We currently evaluate Sonarqube (still Community Version, on EKS with Helm) and are quite impressed.

I used to see duplication metrics for code, but except for scala I dont see any for our TF Code.

I played with sonar.cpd.terraform.minimumtokens and … …Lines. But from the log perspective I dont see any ‘DEBUG: Detection of duplications for …’ for terraform files.

Is it missing in implementation?

Thx in advance!
Lars

From what I read in GitHub - SonarSource/sonar-iac: Static Code Analyser for Infrastructure-as-Code languages such as CloudFormation and Terraform as well as DevOps like Docker and Kubernetes there is no implementation of CPD - right?
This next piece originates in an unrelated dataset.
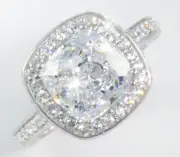 6 ct Majestic Cushion Ring Top CZ Sterling Silver S - 11
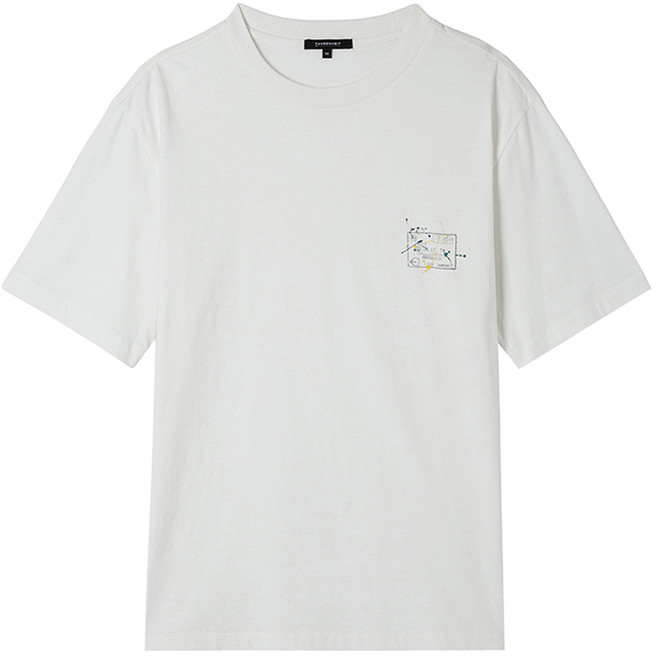 파렌하이트 남성용 통기성 TRIP 패스포트 아트 배색 그래픽 라운드 반팔 티셔츠 FEIBD3802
I compared to sonar-python/sonar-python-plugin/src/main/java/org/sonar/plugins/python/cpd/PythonCpdAnalyzer.java at master · SonarSource/sonar-python · GitHub, would be implementing A TerraformCPDAnalyzer the same way a good start?

Hi @Lars2

Welcome to the community, thanks for evaluating SonarQube and for your question!
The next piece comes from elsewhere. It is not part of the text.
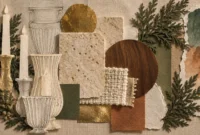 Mixed media collage of paper candle cutouts, sketched urns, travertine stone, fabric swatches, wood, and cedar branches.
So far we haven’t considered implementing Copy Paste Detection for Terraform. It can cause a lot of false positives that we would like to avoid.

Please provide us some examples where you expect copy-paste detection, so we can better understand your case and think about it again.

Best Regards
Marcin Stachniuk

1 Like

hi @ Marcin_Stachniuk

thx for replying.

As example let me describe the context we work in to understand the problem.
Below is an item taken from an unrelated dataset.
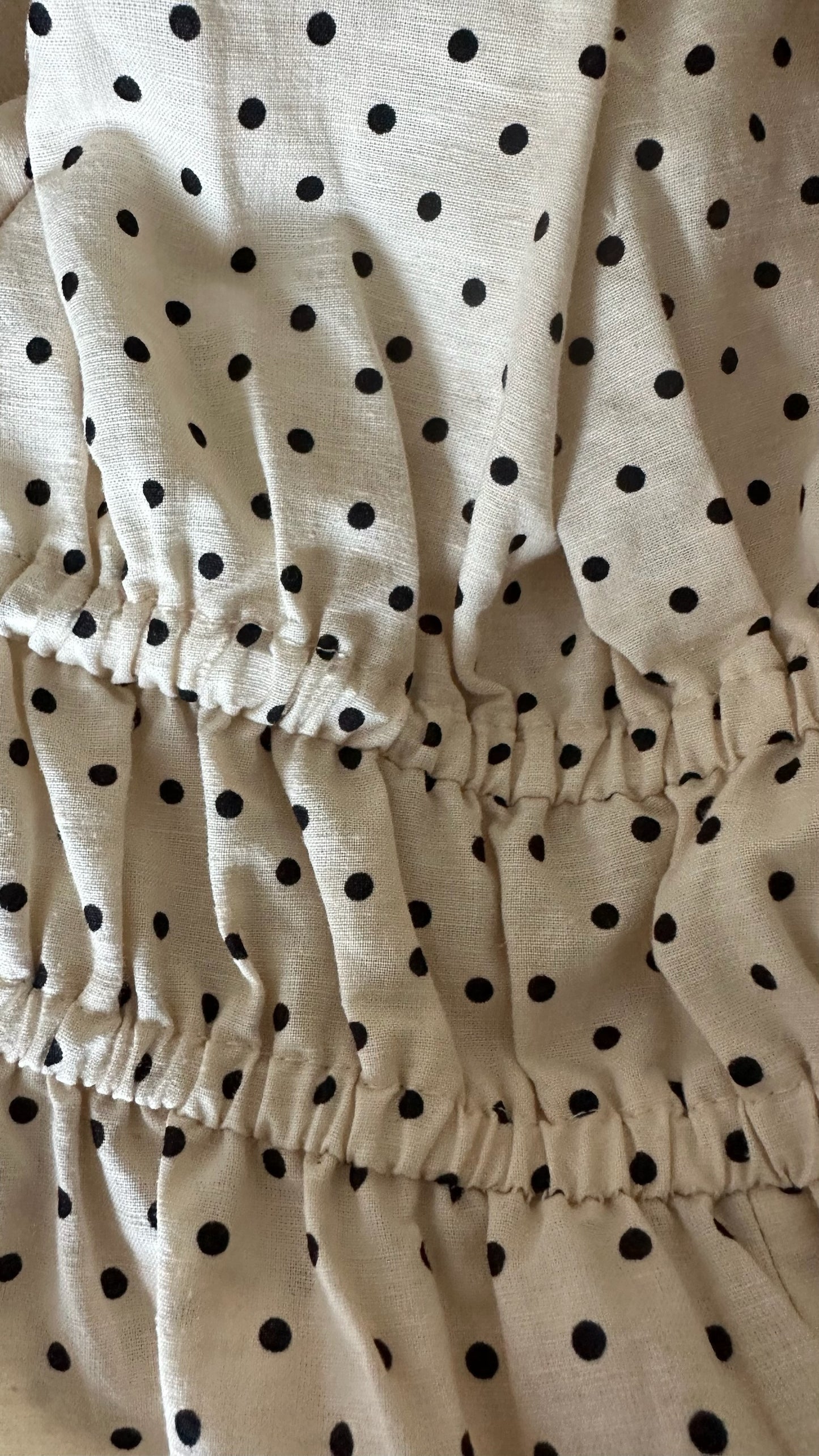 Nobodys child linen blend cream black polka dot shirt bust jumpsuit medium UK 14 vgc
We implement “datalakes” in AWS consisting of multiple data pipelines.
Each data pipeline

  • gets data from somewhere (S3/…)
  • mangle the data (Glue/Lambda/…)
  • places the results to somewhere (S3/RDS/…).

One can imagine when it comes to routine implementations one way to proceed is to copy and adapt (adjusting the terraform state, change a base name and implement the logic in a lambda). In an oversimplified example could it be the copy 10 files and change 3 lines and have another 300 lines duplicate code.

example file hierarchy

datapipelines:

  • dp1
    – /lambda
    — lambda.py
    – input_s3.tf
    – process_lambda.tf
    – output_s3.tf
    – provider.tf
    – versions.tf
  • dp2
    – /lambda
    — lambda.py
    – input_s3.tf
    – process_lambda.tf
    – output_s3.tf
    – provider.tf
    – versions.tf
  • dp3
    – /lambda
    — lambda.py
    – input_s3.tf
    – process_lambda.tf
    – output_s3.tf
    – provider.tf
    – versions.tf

Data duplication could give us a clue to consider refactoring and to keep DRY and improve in the field of clean code.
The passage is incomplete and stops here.